朝鮮半島情勢に詳しい平岩俊司・関西学院大学教授は、北朝鮮の核・ミサイル開発について、
「1990年代の第1次核危機以降、条件次第では開発をやめてもいいというような外交交渉のカードだった」
と説明する。しかし、最近の技術の進歩は、
「金正恩(キムジョンウン)という最高権力者が気まぐれでやっているというものではなく、彼らなりに計算して能力や精度を高めていると見なければ説明できない」
と指摘。国際社会がその技術力を過小評価し、「やれるものならやってみろ」と高をくくっていたことが、北朝鮮に核・ミサイル技術の開発に突き進む時間や環境を与えてしまった可能性は否めない。

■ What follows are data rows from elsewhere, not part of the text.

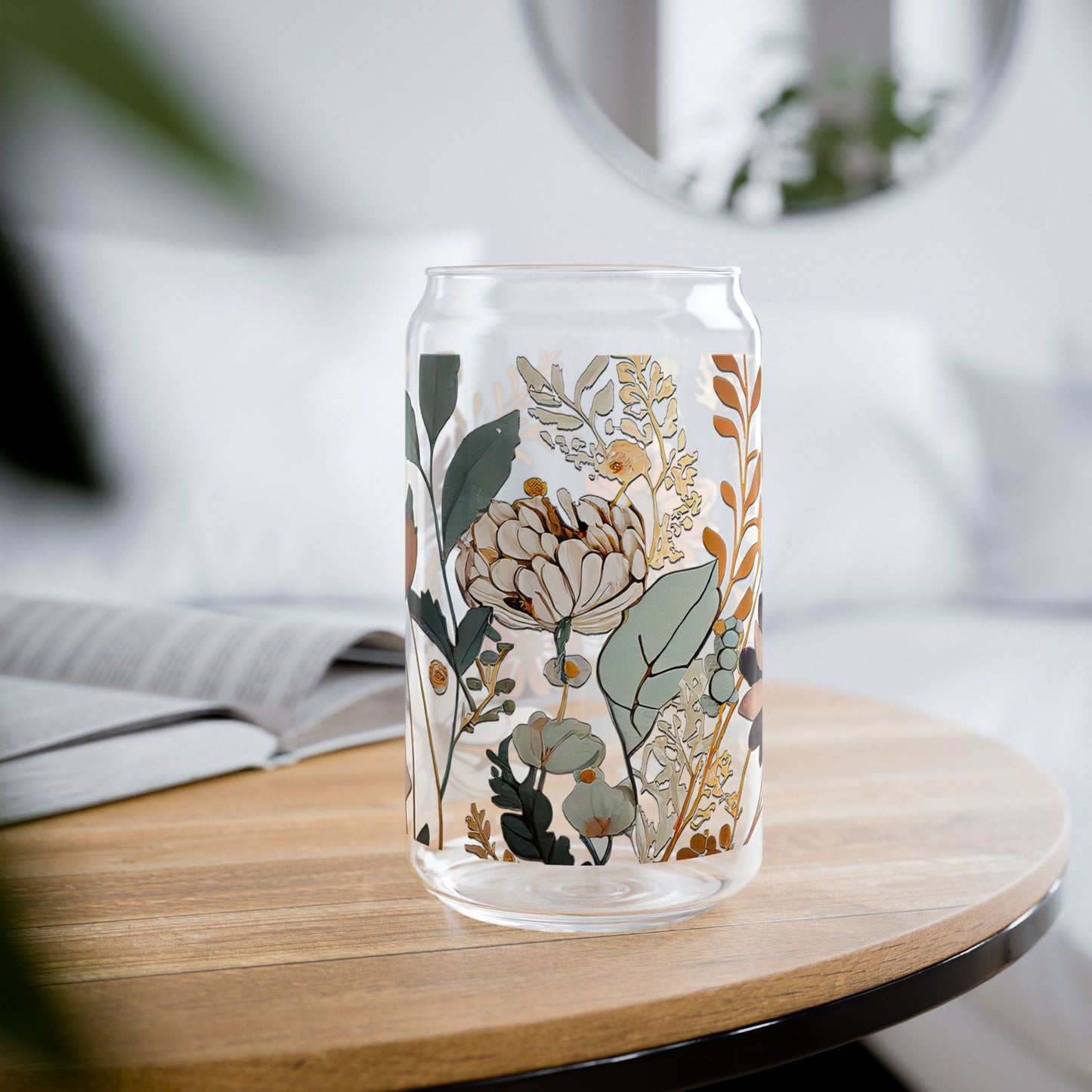 Floral Design Sipper Glass | 16oz Glass Cup with Straw | Eco-Friendly Drinkware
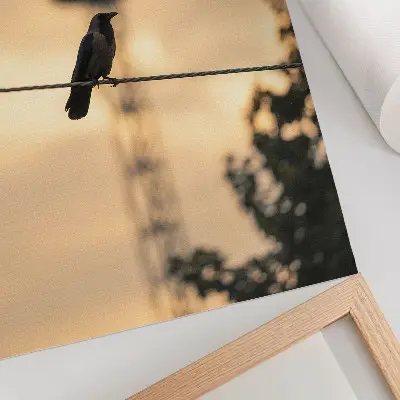Affiche décorative oiseau sur un fil avec un ciel du soir et un arrière-plan délicat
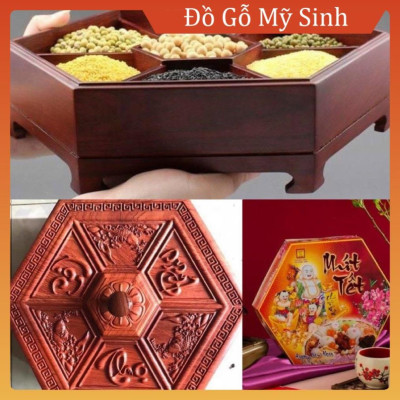 Khay gỗ đựng bánh kẹo - Hộp gỗ đựng bánh kẹo tết Phúc - Lộc - Thọ - Khay gỗ Hương cao cấp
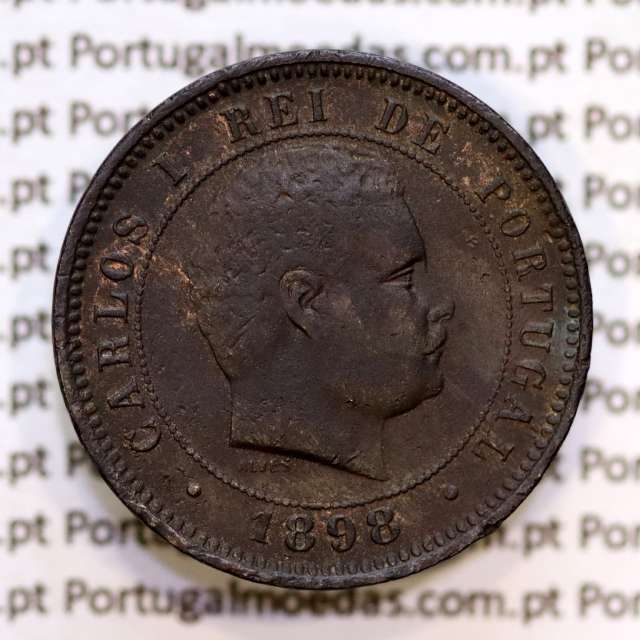 Portugal, 5 Reis 1898 bronze coin of King Carlos I, (VF-), World Coins Portugal KM 530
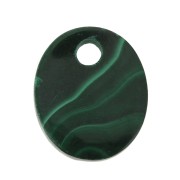 Sequin ovale 12x10 mm en pierre gemme - Malachite x1|raw }}
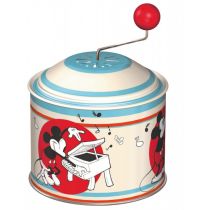 Lena tin Toys 52766 - Musikdrehdose Disney Mickey Mouse, Musikdose ca. 10,5 x 7,5 cm, Blechdrehdose mit Melodie Einzug der Gladiatoren, Drehdose aus Metall, Drehorgel für Kinder ab 18 Monate, Orgel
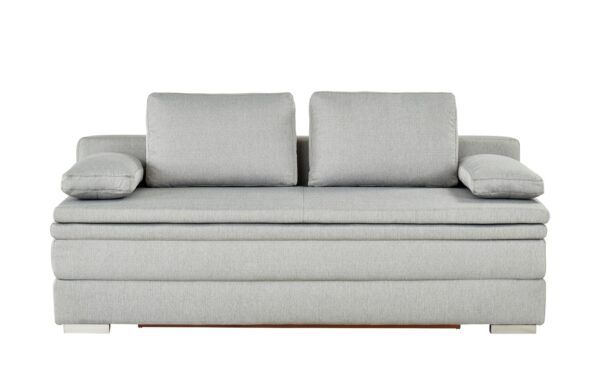 medium Boxspring- Schlafsofa grau - Webstoff Daphne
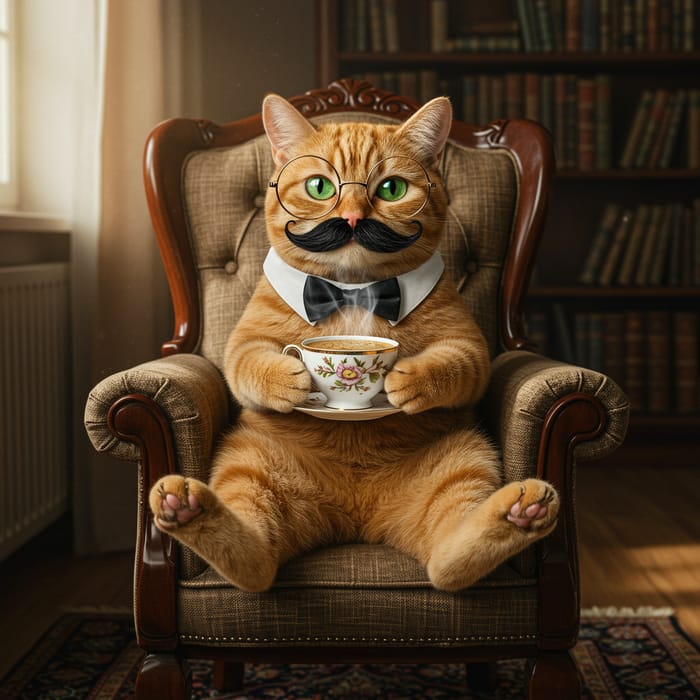 Whiskered Cat in Glasses Enjoying Coffee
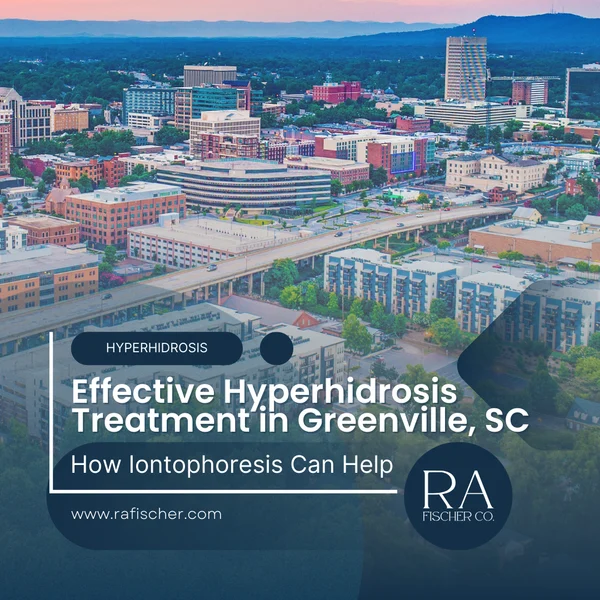 Hyperhidrosis Treatment in Greenville, SC. Image of The Fischer iontophoresis treatment for effective hyperhidrosis in Greenville, SC USA. Blog post cover image #1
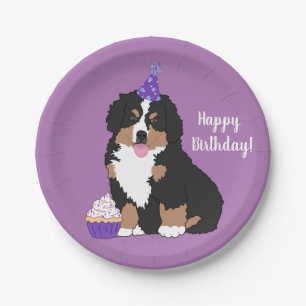 Bernese Mountain Hund Welpe Geburtstag   Pappteller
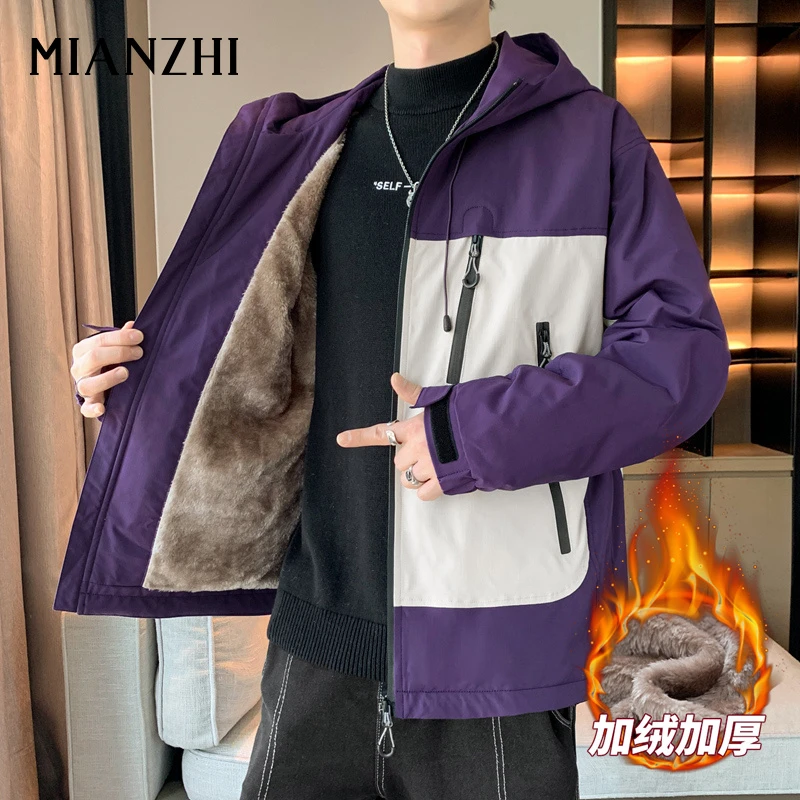 棉致夹克男加绒加厚冬季保暖撞色冲锋衣2024新款潮流休闲连帽外套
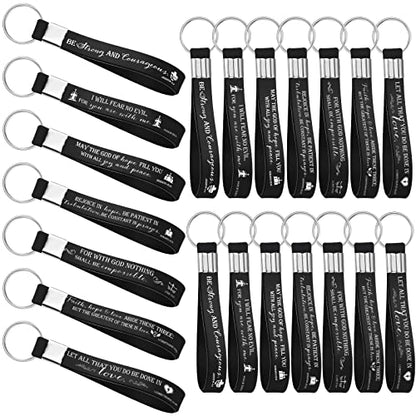 Sureio 21 Pcs Christian Keychains for Men Church Bible Verse Keychains Religious Silicone Inspirational Gift for Men Women Church Pastor Coach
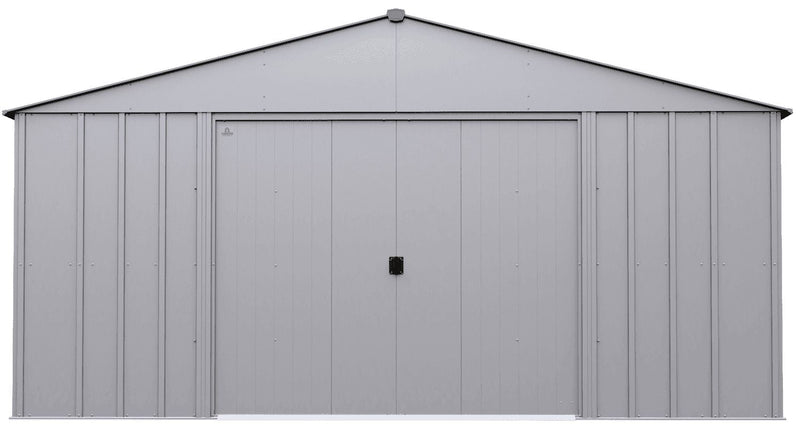 Classic 14x14-ft Flute Grey Corrosion-Resistant Steel Shed C8Q4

目的はやはり、「体制維持に向けた米朝協議の開始」だというのが主流な見方だ。平和協定の締結、国交正常化、米国の朝鮮半島における軍事的中立の宣言、不可侵協定などを見据え、まずは直接対話を拒み続ける米国を席につかせるための最大の手段が、「米国本土を攻撃できる核兵器の保有」だと北朝鮮は考えている。そう、多くの専門家たちはみている。
●「平時の最高指導者」
今年5月、36年ぶりに開催された朝鮮労働党大会。スーツにネクタイ姿で演説した金正恩氏は、核保有国として核・ミサイル開発を続ける姿勢を示す一方、「核の先制使用はしない」と宣言した。平岩教授は、このときの服装に注目し、こう話す。
「ネクタイ姿は、祖父の金日成(キムイルソン)国家主席に似せたと言われるが、もう一つ、『平時の最高指導者』であることを印象づけたかったんだと思う。対話路線に行こうとしたが、米韓は応じてこなかった。だから北朝鮮は『米韓が対話に応じないのは、危機が足りないからだ』と考える」
そこで、ミサイル発射実験などを繰り返し、「危機」を作り出そうとしていると平岩教授は分析する。
同時に核の実戦配備に向けた技術革新のピッチも上がっている。7月、米韓両政府は、中国の反発を押し切る形で、米国の高高度迎撃ミサイルシステム「THAAD(サード)」を韓国に配備することで合意した。地対地の長距離弾道ミサイルは日米韓のミサイル防衛システムで迎撃される可能性があるため、
「北朝鮮はSLBMに特化した核戦力の開発も進めている」
と武貞特任教授は話す。SLBMを搭載する原子力潜水艦の開発も急いでいるという。通常型よりもスクリュー音が小さく、半永久的に連続潜航が可能なため、発見されにくい。となると、米国本土に近づいて、ミサイルを発射することも可能になる。